**WHAT THE TASK REQUIRES**
The entries below contain a line with "中古】Intel Core i7-8700" and a line with "Funda de Cuero". Quote exactly those two lines and all lines between them.

**DATASET RECORDS**
+++++

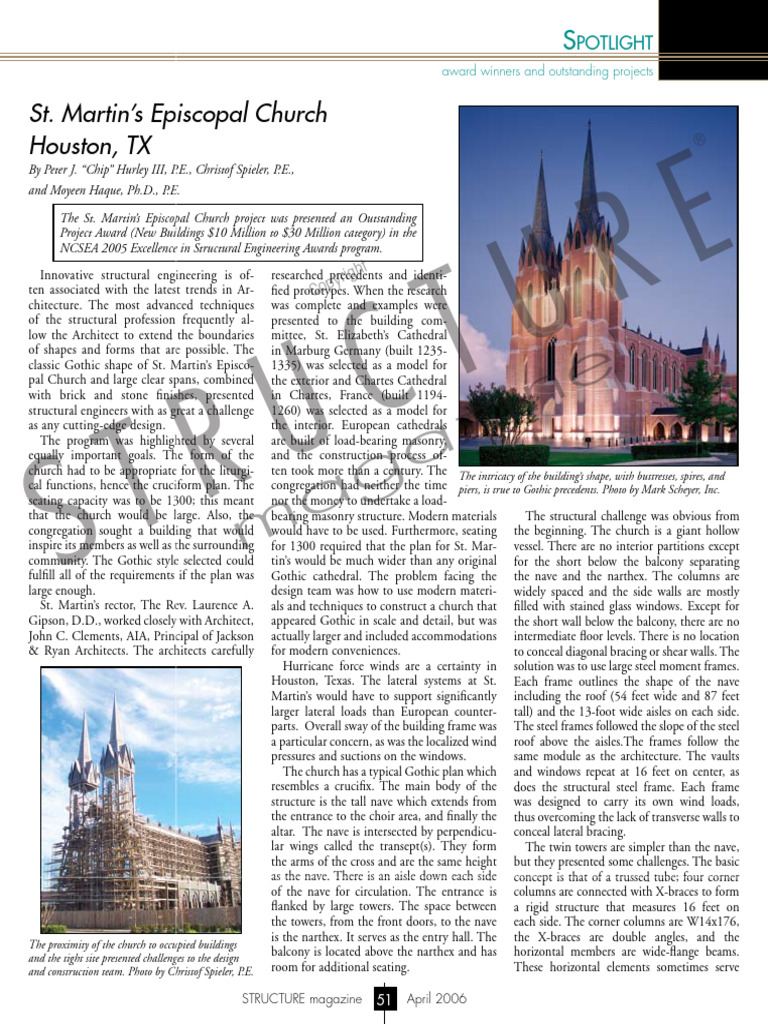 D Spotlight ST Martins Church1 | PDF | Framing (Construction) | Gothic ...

+++++

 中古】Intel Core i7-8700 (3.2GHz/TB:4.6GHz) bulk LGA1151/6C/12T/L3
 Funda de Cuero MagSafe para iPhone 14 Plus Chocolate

+++++

**ANSWER TO THE EXERCISE**
 中古】Intel Core i7-8700 (3.2GHz/TB:4.6GHz) bulk LGA1151/6C/12T/L3
 Funda de Cuero MagSafe para iPhone 14 Plus Chocolate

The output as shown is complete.